If you're building something that has to be safe, say .. a life-critical
system - you better be damn sure you are testing absolutely every single
thing. Everything.

If all you're doing is setting up another hipstersite on the interwebs and
hope to have a few million groupies soon, well .. maybe you can avoid the
tests, and just wait for the support mails. That's also a valid way to get
things done - if it works for you.

------
coldtea
> _DHH does not need to be held up like a treasure or someone to emulate
> unless you want to be a handsome with a big attitude and a nice car and
> loads of money._

BS ad-hominen's like these probably exlain why his comments were hidden and he
was banned after 6 posts.

And that's the peak -- the rest goes downhill:

> _Personally, I want to write craftsman quality code. I want to explore using
> academic practices like functional programming to make my code cleaner
> still._

I mean, seriously? It's 2014, nothing academic about functional programming
practices. This kind of talk doesn't grow confidence in the poster's vast
knowledge of the field, and deep experience.

------
morganherlocker
In my experience, TDD and unit testing is awkward and uncomfortable when
working with application code, since you often find yourself simply testing
dependency wrappers, which has limited value. On the other side, integration
tests are kludgy and uncomfortable when working with library code. "Round peg,
square hole" and all that. I often see two sides arguing for a universal
testing strategy, when the use cases are very different.
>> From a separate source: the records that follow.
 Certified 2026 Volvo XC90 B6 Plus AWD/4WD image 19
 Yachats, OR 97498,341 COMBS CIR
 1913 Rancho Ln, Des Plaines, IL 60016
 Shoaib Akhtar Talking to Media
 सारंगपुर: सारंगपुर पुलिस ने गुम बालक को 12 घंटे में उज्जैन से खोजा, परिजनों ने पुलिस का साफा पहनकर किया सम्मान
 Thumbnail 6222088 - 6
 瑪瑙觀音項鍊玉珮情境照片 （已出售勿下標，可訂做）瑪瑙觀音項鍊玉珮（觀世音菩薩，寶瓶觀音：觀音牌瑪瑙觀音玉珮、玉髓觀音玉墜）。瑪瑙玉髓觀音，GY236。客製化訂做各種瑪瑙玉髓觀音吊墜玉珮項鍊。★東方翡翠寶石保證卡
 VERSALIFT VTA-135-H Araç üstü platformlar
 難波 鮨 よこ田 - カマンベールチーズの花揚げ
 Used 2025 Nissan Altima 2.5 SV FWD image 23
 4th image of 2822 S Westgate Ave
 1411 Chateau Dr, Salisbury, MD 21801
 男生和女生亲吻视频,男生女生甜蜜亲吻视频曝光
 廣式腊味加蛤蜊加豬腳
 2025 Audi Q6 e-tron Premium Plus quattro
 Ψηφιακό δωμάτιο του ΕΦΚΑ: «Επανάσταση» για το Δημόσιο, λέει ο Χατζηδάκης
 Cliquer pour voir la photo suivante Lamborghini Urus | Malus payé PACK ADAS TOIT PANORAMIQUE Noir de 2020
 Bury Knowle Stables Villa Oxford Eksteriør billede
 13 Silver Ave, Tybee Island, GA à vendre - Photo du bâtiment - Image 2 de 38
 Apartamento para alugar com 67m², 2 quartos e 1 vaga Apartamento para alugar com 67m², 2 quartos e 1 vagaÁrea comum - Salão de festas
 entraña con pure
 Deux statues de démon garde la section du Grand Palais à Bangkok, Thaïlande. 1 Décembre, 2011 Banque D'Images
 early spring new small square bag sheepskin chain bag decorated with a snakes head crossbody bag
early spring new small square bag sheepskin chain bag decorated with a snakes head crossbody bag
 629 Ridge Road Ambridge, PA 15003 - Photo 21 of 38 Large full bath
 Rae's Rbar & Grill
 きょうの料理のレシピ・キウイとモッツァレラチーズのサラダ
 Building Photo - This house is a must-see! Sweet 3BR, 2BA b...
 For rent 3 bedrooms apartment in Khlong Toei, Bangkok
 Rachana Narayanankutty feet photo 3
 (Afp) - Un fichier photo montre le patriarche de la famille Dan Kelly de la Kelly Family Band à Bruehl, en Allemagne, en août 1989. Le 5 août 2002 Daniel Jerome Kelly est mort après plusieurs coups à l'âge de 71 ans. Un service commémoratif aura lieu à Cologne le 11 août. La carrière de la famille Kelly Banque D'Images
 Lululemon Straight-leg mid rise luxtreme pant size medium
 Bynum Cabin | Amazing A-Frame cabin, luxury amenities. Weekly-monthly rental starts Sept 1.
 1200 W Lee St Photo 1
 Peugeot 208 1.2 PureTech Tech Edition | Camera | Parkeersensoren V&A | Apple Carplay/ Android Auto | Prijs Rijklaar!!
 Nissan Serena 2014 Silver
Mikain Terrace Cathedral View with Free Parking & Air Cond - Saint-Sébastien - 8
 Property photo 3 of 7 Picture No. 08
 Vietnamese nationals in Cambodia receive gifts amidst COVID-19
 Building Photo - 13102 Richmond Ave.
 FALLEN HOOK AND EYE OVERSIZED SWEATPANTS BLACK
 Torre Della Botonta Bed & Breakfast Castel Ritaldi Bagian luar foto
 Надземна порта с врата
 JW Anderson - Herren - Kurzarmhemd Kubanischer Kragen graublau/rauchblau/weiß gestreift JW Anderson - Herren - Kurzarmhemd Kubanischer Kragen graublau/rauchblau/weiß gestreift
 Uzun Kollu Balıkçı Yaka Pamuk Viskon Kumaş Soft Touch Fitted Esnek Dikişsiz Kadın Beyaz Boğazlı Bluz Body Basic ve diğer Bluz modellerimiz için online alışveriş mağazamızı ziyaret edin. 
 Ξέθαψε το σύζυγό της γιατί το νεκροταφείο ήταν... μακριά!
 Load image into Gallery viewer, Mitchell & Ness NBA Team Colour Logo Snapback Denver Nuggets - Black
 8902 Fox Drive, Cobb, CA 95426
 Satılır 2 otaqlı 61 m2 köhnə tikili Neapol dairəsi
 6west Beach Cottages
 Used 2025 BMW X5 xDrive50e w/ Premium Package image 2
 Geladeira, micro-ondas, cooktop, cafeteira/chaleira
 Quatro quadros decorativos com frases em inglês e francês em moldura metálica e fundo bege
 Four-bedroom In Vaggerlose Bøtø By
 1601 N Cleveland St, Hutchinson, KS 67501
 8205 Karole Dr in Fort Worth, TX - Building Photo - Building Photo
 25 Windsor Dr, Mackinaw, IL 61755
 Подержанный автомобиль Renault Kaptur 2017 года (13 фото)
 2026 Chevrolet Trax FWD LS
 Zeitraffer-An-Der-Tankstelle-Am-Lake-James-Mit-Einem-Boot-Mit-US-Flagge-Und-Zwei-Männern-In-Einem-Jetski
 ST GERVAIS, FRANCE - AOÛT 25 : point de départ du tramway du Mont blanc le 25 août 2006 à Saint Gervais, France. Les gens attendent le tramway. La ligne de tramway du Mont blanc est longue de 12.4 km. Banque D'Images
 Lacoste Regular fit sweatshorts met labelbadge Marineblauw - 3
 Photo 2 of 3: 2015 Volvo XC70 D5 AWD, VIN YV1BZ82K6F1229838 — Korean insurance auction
I try to treat tests as nothing more than repeatable artifacts of whatever I
was trying to do to verify the code I was writing was working. So if the code
was primarily aimed at hitting a bunch of web services and making DB calls,
then the tests will end up as integration tests naturally. If the code is
doing a bunch of isolated calculations, then it will probably be unit tests.

This is a classic case of developers talking past one another and trying to
force their use case on others in my opinion.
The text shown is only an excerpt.